The result should be the lines from the one holding "Crisp（クリスプ）の「フ" to the final line of the records, retyped exactly.

#####

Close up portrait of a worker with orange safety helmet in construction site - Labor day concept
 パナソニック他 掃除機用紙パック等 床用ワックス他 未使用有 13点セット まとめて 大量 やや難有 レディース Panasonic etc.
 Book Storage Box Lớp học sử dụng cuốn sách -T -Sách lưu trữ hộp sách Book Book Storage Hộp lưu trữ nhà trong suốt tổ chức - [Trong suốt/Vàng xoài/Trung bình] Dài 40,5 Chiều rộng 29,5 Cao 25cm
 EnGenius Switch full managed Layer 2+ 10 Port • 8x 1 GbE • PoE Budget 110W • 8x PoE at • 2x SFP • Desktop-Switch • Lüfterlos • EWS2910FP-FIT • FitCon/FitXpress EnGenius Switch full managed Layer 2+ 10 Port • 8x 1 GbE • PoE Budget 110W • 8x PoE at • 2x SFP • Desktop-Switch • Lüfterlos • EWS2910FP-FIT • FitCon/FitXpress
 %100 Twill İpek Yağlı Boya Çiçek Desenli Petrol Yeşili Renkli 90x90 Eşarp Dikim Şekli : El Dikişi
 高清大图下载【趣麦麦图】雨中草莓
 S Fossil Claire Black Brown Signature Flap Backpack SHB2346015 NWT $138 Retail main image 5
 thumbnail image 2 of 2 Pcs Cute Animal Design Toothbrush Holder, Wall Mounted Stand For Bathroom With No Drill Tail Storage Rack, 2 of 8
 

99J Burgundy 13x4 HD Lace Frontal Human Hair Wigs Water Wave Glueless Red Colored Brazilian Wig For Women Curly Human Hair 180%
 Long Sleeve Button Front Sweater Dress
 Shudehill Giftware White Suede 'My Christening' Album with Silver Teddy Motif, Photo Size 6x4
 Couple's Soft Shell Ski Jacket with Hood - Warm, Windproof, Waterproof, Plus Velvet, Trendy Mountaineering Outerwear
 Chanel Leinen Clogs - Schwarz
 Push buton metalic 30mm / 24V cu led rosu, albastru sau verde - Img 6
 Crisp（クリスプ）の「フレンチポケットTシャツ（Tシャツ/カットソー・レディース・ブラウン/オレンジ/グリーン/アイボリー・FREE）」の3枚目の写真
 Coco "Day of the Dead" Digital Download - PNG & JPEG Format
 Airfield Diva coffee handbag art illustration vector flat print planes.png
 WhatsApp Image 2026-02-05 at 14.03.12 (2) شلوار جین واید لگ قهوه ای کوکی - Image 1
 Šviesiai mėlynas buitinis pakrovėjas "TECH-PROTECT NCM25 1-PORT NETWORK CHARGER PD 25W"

#####

» **RESULT FOR THIS EXERCISE**
 Crisp（クリスプ）の「フレンチポケットTシャツ（Tシャツ/カットソー・レディース・ブラウン/オレンジ/グリーン/アイボリー・FREE）」の3枚目の写真
 Coco "Day of the Dead" Digital Download - PNG & JPEG Format
 Airfield Diva coffee handbag art illustration vector flat print planes.png
 WhatsApp Image 2026-02-05 at 14.03.12 (2) شلوار جین واید لگ قهوه ای کوکی - Image 1
 Šviesiai mėlynas buitinis pakrovėjas "TECH-PROTECT NCM25 1-PORT NETWORK CHARGER PD 25W"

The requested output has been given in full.